Correlation Between BCE and Cascades
Can any of the company-specific risk be diversified away by investing in both BCE and Cascades at the same time? Although using a correlation coefficient on its own may not help to predict future stock returns, this module helps to understand the diversifiable risk of combining BCE and Cascades into the same portfolio, which is an essential part of the fundamental portfolio management process.
By analyzing existing cross correlation between BCE Inc and Cascades, you can compare the effects of market volatilities on BCE and Cascades and check how they will diversify away market risk if combined in the same portfolio for a given time horizon. You can also utilize pair trading strategies of matching a long position in BCE with a short position of Cascades. Check out your portfolio center. Please also check ongoing floating volatility patterns of BCE and Cascades.

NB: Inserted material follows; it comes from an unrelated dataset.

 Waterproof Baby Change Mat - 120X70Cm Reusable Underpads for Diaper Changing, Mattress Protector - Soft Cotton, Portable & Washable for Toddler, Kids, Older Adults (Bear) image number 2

Diversification Opportunities for BCE and Cascades
Very good diversification
The 3 months correlation between BCE and Cascades is -0.31. Overlapping area represents the amount of risk that can be diversified away by holding BCE Inc and Cascades in the same portfolio, assuming nothing else is changed. The correlation between historical prices or returns on Cascades and BCE is a relative statistical measure of the degree to which these equity instruments tend to move together. The correlation coefficient measures the extent to which returns on BCE Inc are associated (or correlated) with Cascades. Values of the correlation coefficient range from -1 to +1, where. The correlation of zero (0) is possible when the price movement of Cascades has no effect on the direction of BCE i.e., BCE and Cascades go up and down completely randomly.
Pair Corralation between BCE and Cascades
Assuming the 90 days trading horizon BCE Inc is expected to generate 1.01 times more return on investment than Cascades. However, BCE is 1.01 times more volatile than Cascades. It trades about 0.05 of its potential returns per unit of risk. Cascades is currently generating about -0.16 per unit of risk. If you would invest 3,145 in BCE Inc on December 29, 2024 and sell it today you would earn a total of 142.00 from holding BCE Inc or generate 4.52% return on investment over 90 days.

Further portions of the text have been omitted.